It is undoubted that the recent "lockdown" measures that have been implemented by the UK government have placed significant financial pressures on businesses across all sectors. Despite such and in order to adapt during challenging and everchanging market conditions, over recent months, we have seen an increased number of small start-ups selling goods and services, most of which is taking place via online ecommerce platforms. In the early stages of setting up their business, entrepreneurs are extremely busy and customer satisfaction would generally be the primary consideration. However, this initial start-up period is a crucial time for ensuring that intellectual property rights owned by third parties aren't being infringed by the new business. Furthermore, if the business offers a unique product and/or service, this would also be the time to ensure that the intellectual property rights in that product and/or service are adequately protected.
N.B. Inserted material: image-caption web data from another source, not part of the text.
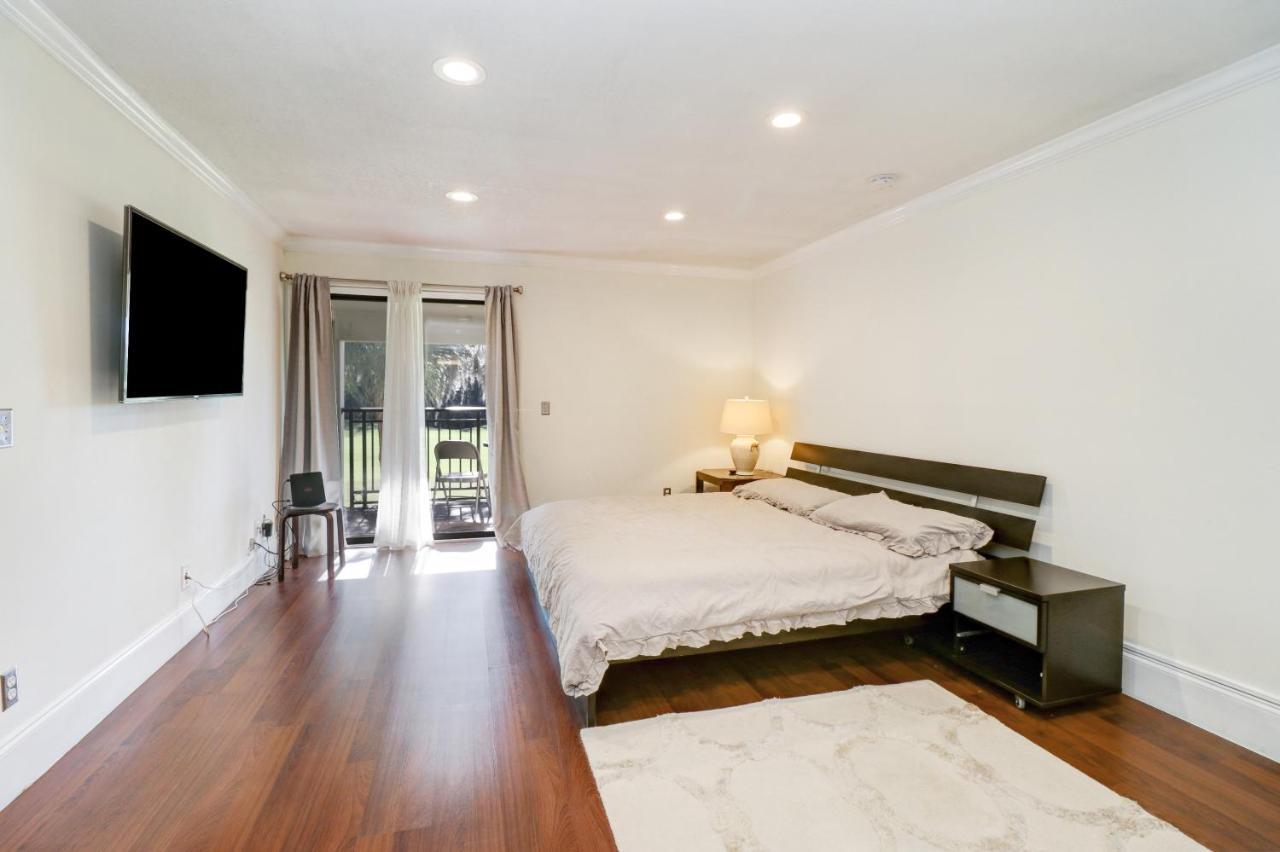 Saddlebrook Golf Course View With Kitchen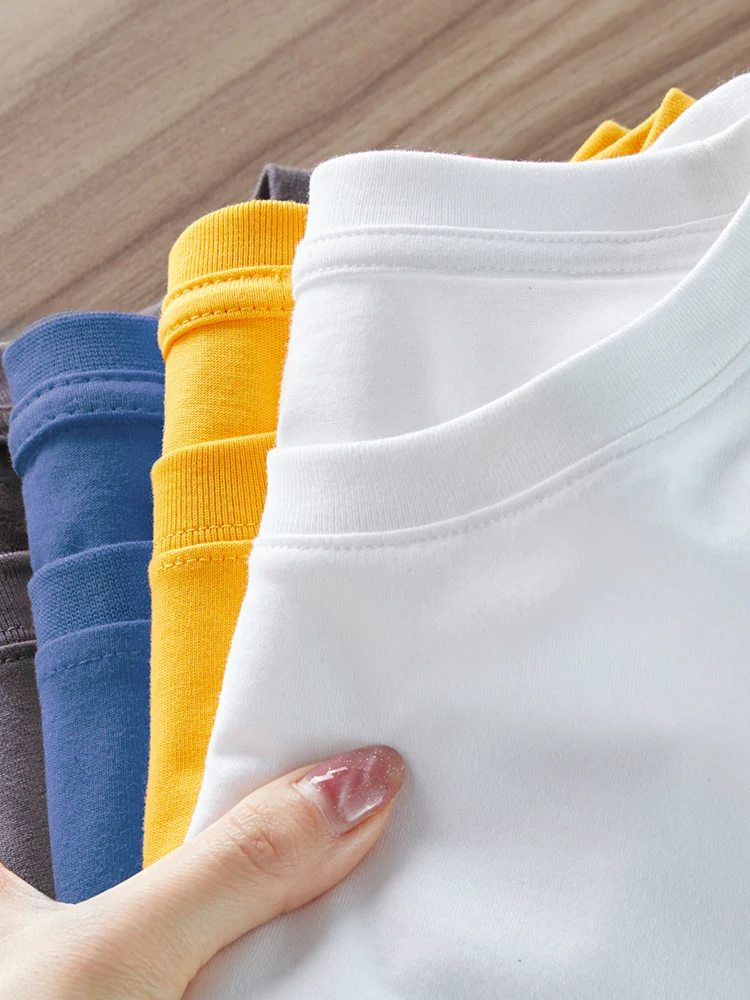 長めのTシャツをどう選ぶ？シンプルなコットンTシャツが通勤・日常で本当に役立つ理由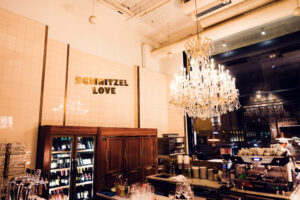 Ambiente nocturno en el bar del Meissl & Schadn.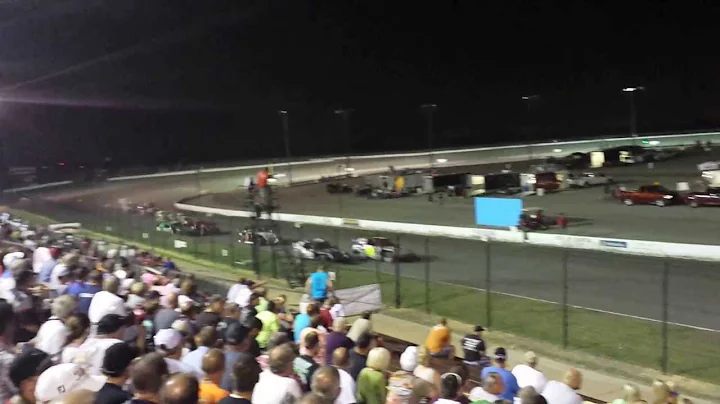 Robert Vetter takes third in the A Main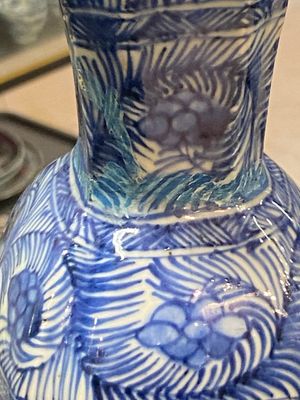 Garniture de cinq vases en porcelaine de Chine en bleu et blanc à décor floral, Kangxi — photo 8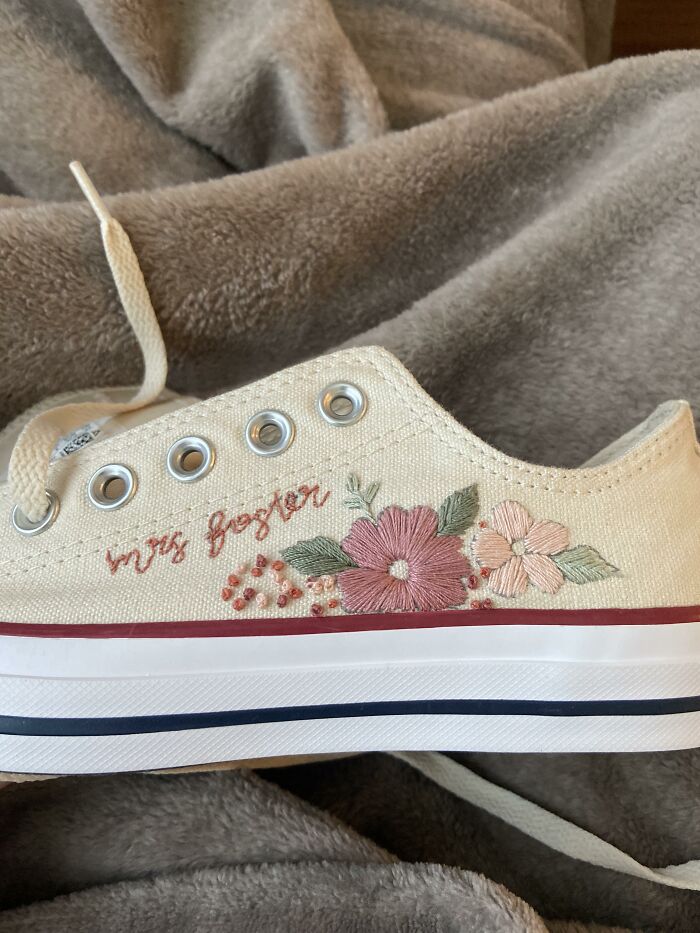 Me: I Have Too Many Things To Make And Plan For The Wedding. Also Me: I’m Going To Learn To Embroider 3 Months Before The Wedding And Make My Wedding Shoes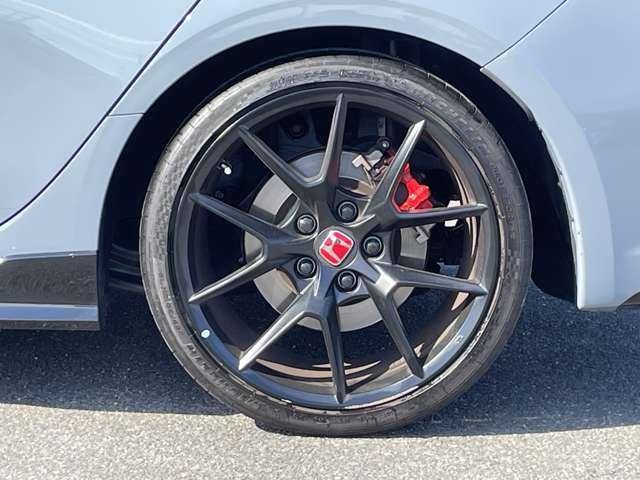 �u�����A���~�z�C�[���v�@�����P�X�C���`�A���~�z�C�[���I�e���[�J�[�ЊO�z�C�[����X�^�b�h���X�^�C���̔̔�������܂���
If such matters aren't dealt with early on, a business could face legal action which could have a devastating impact on its future.
What Intellectual Property considerations should a start-up have?
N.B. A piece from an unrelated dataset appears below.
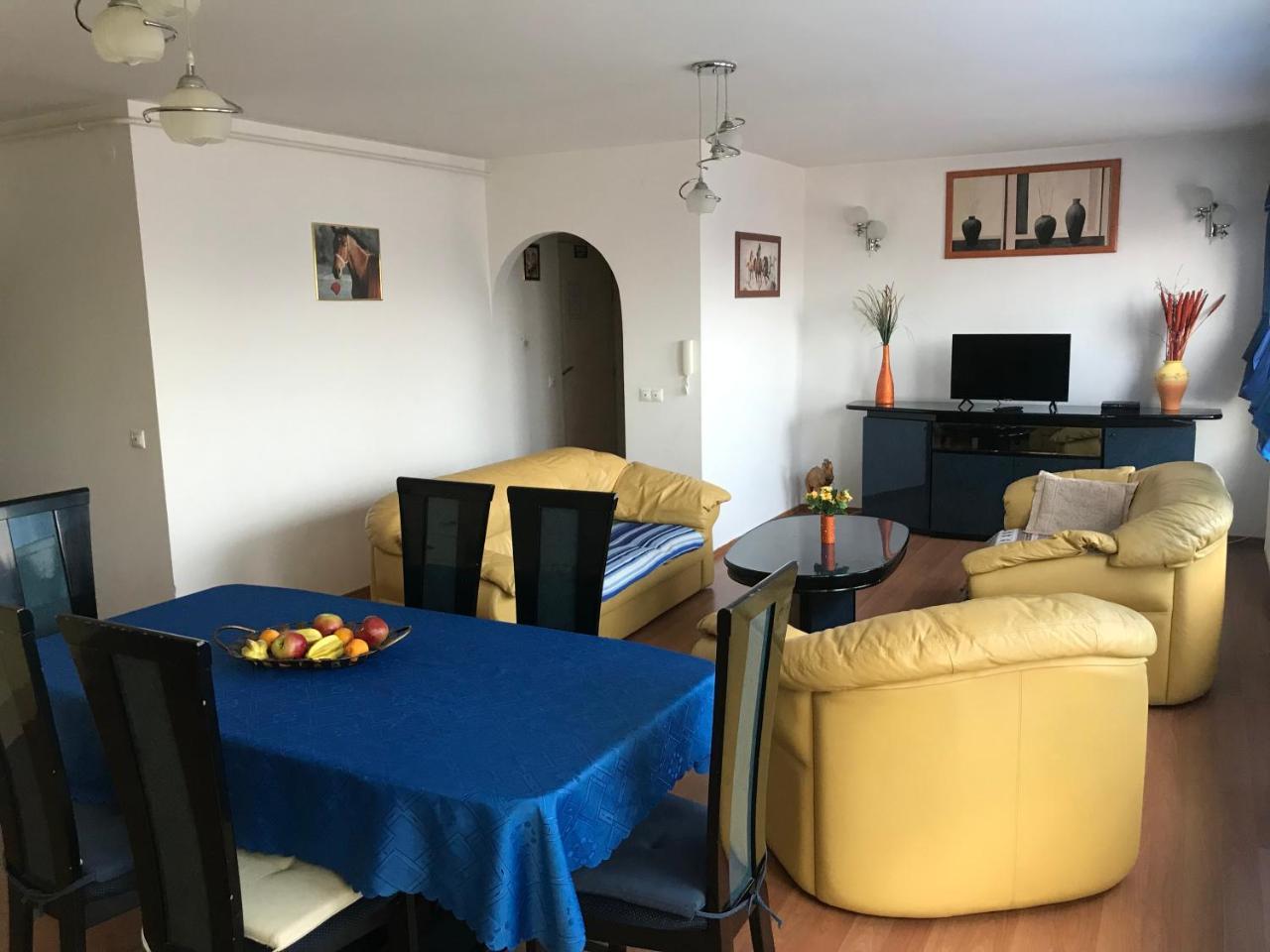 Lotusz Apartments In Nyiregyhaza Bagian luar foto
Trade marksUnregistered trade marks can be identified by including the ™ symbol next to the trade mark. Whilst this in itself does not provide any proprietary rights over the mark in question, in some instances it is possible for the owner of the unregistered trade mark to bring a passing off claim if it can be proven that competitors are taking unfair advantage of the goodwill and reputation built up in the goods or services provided under that unregistered trade mark. Further information regarding passing off claims can be found here. Passing off claims are notoriously difficult to establish and costly for both parties. Therefore, a new start-up ought to always consider whether it is possible to protect their unique trading/brand names and logos via registration as a trade mark. Trade marks in the UK are governed by the Trade Marks Act 1994 (the "1994 Act"), and having in place a registered trade marks affords the owner an exclusive right to use that trade mark for the goods and services that it covers. This exclusive right may be infringed if a third party offers similar or identical goods/services under a similar or identical trade mark, with the 1994 Act setting out the remedies that will be available to the innocent party (including damages, an account for profits and also injunctive relief). Once registered trade mark status is obtained, the ® symbol can be used in order to indicate ownership and prevent any misuse. When launching a new business, product or service, two questions must first be asked:
- Will the new business, product or service infringe any unregistered or registered trade mark?
- If not, is it possible to obtain protection for the new business, product or service under the 1994 Act?